Let’s go back to the parable, this retelling of Israel’s story of fraternal hatred. What is missing in the elder brother’s righteous indignation? Many things, but I focus on two. First, an absence of gratitude. Chesterton once said the test of all true happiness is gratitude. No gratitude here. There’s another absence, one that makes justice unjust and even cruel. Shakespeare’s The Merchant of Venice, calls it the quality of mercy. That’s what’s missing in the financier, Shylock’s insistence on justice and only justice against his debtor. Shakespeare’s description bears repeating:
The quality of mercy is not strain'd,
It droppeth as the gentle rain from heaven
Upon the place beneath: it is twice blest;
It blesseth him that gives and him that takes:
'Tis mightiest in the mightiest: it becomes
The throned monarch better than his crown;
His sceptre shows the force of temporal power,
The attribute to awe and majesty,
Wherein doth sit the dread and fear of kings;
But mercy is above this sceptred sway;
It is enthroned in the hearts of kings,
It is an attribute to God himself;
And earthly power doth then show likest God's
When mercy seasons justice. Therefore, Jew,
Though justice be thy plea, consider this,
That, in the course of justice, none of us
Should see salvation: we do pray for mercy;
And that same prayer doth teach us all to render
The deeds of mercy.
Justice without mercy cuts us off from the worship of the true God and cuts us off from each another. Thomas Merton, the Catholic contemplative wrote: A Christian does not restrain his desire for revenge merely in order that he himself may be good but in order that his enemy may be made good also. (No Man is an Island)

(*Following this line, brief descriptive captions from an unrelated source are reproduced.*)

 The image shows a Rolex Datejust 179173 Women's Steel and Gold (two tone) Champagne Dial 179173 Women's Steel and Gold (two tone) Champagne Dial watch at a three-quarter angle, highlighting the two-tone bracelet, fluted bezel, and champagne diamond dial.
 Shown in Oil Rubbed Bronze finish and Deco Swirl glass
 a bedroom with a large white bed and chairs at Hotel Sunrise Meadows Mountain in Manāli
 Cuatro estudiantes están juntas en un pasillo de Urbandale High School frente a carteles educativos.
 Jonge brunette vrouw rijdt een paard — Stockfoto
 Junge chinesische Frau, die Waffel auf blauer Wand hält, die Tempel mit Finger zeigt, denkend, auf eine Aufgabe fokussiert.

As Jesus tells the tale, how does the Father share his goodness? Not by scolding the elder son; he doesn’t wait indoors on a big throne waiting for an apology; he goes out into the field and seeks to renew their relationship in a way that makes him vulnerable. You could say, to borrow the language of the Chinese philosopher, Sun Tsu, he goes out to build a golden bridge with the elder, as he’s already done with the younger when he interrupted the prodigal’s humiliating return in rags before the entire village, by falling on his neck and publicly welcoming him home. But that wasn’t the climax of the parable for the Father next goes out into the elder’s embittered world and builds a golden bridge for his son to return from his self-exile by reminding him ‘Everything I have belongs to you.” He speaks directly to his self-imposed exile with gentle words of invitation to join them for “This your brother was lost and now is found.” He offers a bridge for the elder to leave the inner prison of grievance where he feels like a slave so he can once again be a brother and a glad, faithful son.

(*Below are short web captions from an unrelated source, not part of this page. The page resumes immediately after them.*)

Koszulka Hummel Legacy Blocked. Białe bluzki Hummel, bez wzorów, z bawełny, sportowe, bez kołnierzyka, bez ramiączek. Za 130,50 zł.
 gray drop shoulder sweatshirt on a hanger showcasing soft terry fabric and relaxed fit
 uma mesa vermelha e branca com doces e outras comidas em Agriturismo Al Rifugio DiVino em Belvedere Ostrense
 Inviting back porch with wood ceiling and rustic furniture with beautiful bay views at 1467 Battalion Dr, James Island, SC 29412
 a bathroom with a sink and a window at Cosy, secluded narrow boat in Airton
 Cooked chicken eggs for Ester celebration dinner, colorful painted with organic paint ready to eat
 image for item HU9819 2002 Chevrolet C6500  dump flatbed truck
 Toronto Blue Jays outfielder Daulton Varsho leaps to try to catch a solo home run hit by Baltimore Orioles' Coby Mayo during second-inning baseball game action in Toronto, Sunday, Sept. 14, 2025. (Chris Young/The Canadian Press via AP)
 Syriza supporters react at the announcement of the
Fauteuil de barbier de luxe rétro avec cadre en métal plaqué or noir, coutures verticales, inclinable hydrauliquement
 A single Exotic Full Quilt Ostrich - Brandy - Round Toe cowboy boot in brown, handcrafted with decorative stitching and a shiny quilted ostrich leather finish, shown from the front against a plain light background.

How shall he respond? Will the elder brother participate in Jesus’ new creation of Israel? Jesus leaves the story intentionally open. And today, the parable seems no less relevant than the day it was first told. I don’t know if President Zelinskiy is a practicing Jew, but we know both Putin and Biden are active and public members of their respective Christian churches. Will they worship at the church of the elder brother or the church of the Father who intervenes with the unstrained quality of mercy? As for the rest of us, not many of whom are heads of state or ambassadors, may God help us not to just keep the story of the Father’s heart safely wrapped in ritual and sermons inside our sanctuaries but learn by grace to take it out into the streets and our homes and the public life of nations.